Receipt of the letter was acknowledged by Mr. Paniagua on October 20, 1971, and then it was forwarded, along with the supporting documents, to GSA regional counsel in Ft. Worth, Texas, on the same date. GSA regional counsel in turn forwarded it to the Federal Aviation Administration Aeronautical Center in Oklahoma City, Oklahoma, on February 3, 1972. Regional counsel, on the same day, acknowledged receipt of plaintiff's letter. On February 9, 1972, the Federal Aviation Administration, through one of its Operations Branch Chiefs, acknowledged receipt of appellee's letter and forwarded four copies of Standard Form 95, "Claim for Damage or Injury," to his counsel, with a request that they be completed and returned.

The executed "Claim for Damage or Injury," dated May 4, 1972, was received by the FAA on June 28, 1972. By letter of July 20, 1972, appellee's claim was denied, on the ground that the claim was filed more than two years after the accident occurred and was therefore barred by the two-year statute of limitations on tort claims against the United States.

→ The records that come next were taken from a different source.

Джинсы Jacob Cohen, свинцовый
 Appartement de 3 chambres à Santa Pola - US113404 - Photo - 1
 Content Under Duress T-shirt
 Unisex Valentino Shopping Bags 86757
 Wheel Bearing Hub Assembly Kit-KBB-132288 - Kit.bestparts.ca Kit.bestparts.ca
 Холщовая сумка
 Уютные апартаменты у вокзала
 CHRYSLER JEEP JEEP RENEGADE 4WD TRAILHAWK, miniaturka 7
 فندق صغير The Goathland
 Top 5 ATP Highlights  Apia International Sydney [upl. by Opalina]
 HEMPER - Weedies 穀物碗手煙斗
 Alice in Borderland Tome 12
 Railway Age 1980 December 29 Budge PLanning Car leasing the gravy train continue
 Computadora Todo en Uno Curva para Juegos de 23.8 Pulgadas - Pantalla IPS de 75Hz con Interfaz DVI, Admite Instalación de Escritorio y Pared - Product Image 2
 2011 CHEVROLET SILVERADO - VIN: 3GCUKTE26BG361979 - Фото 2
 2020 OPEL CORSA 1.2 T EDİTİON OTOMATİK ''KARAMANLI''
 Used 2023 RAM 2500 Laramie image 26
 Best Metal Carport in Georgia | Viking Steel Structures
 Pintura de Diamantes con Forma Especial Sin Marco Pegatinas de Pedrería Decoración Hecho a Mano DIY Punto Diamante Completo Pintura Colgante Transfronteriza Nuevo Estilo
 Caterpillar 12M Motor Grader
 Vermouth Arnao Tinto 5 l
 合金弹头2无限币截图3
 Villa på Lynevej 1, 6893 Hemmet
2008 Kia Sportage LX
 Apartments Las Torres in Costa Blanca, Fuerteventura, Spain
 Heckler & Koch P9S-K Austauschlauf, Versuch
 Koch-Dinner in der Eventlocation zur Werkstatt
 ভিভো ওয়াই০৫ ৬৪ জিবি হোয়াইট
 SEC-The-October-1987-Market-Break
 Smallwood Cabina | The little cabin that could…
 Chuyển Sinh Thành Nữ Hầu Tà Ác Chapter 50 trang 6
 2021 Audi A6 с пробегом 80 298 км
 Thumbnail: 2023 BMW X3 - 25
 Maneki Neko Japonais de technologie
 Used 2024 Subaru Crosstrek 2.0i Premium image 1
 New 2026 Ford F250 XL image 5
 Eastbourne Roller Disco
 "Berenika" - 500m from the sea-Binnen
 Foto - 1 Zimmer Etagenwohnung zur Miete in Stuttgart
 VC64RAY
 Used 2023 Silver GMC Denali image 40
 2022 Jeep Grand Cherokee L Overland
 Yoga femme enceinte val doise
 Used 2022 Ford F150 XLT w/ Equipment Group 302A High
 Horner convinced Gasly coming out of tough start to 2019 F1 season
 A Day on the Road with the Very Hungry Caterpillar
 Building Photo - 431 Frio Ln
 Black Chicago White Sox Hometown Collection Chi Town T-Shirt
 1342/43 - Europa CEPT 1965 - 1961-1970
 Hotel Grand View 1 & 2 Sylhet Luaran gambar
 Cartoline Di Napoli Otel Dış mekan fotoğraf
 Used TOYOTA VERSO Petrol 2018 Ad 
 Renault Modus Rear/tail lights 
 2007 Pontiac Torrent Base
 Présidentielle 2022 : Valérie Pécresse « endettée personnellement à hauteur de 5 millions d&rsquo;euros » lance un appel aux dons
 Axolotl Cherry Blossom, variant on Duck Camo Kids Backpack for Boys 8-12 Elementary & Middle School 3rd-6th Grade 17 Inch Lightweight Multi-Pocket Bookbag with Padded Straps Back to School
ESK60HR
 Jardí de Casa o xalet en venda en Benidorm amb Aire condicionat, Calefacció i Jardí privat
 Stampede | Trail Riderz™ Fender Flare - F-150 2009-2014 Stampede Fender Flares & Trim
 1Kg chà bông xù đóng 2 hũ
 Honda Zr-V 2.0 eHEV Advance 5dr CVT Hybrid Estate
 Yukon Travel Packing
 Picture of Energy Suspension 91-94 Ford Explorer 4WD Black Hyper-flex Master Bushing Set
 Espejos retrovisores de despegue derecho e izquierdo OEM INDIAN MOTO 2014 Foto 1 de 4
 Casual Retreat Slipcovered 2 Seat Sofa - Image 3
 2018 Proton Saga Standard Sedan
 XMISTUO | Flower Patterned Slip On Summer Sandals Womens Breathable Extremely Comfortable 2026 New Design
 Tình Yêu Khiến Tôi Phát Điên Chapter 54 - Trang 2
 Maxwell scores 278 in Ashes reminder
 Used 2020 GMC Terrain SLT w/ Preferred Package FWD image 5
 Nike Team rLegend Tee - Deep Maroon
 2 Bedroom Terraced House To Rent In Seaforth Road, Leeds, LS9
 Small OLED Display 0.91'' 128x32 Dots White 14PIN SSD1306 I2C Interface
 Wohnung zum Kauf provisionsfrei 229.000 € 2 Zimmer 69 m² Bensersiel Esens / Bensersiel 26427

On November 16, 1972, appellee initiated this suit against the United States pursuant to 28 U.S.C. § 1346(b). The Government moved to dismiss, contending that the cause of action was barred by the two-year limitation for presenting claims in tort as provided by 28 U.S.C. §§ 2401(b), 2675(a), and by 28 C.F.R. 14.2. The district court rejected the statute of limitations defense and, after a trial on the merits, held that the Government driver was negligent in the operation of his vehicle. Damages of $20,000.00 were awarded. This appeal followed.

The single question for us on appeal is whether plaintiff's claim was barred by the statute of limitations under the Tort Claims Act.

28 U.S.C. § 2401(b) (1970), as amended in 1966, embodies the statute of limitations applicable to this case:

A tort claim against the United States shall be forever barred unless it is presented in writing to the appropriate Federal agency within two years after such claim accrues or unless action is begun within six months after the date of mailing, by certified or registered mail, of notice of final denial of the claim by the agency to which it was presented.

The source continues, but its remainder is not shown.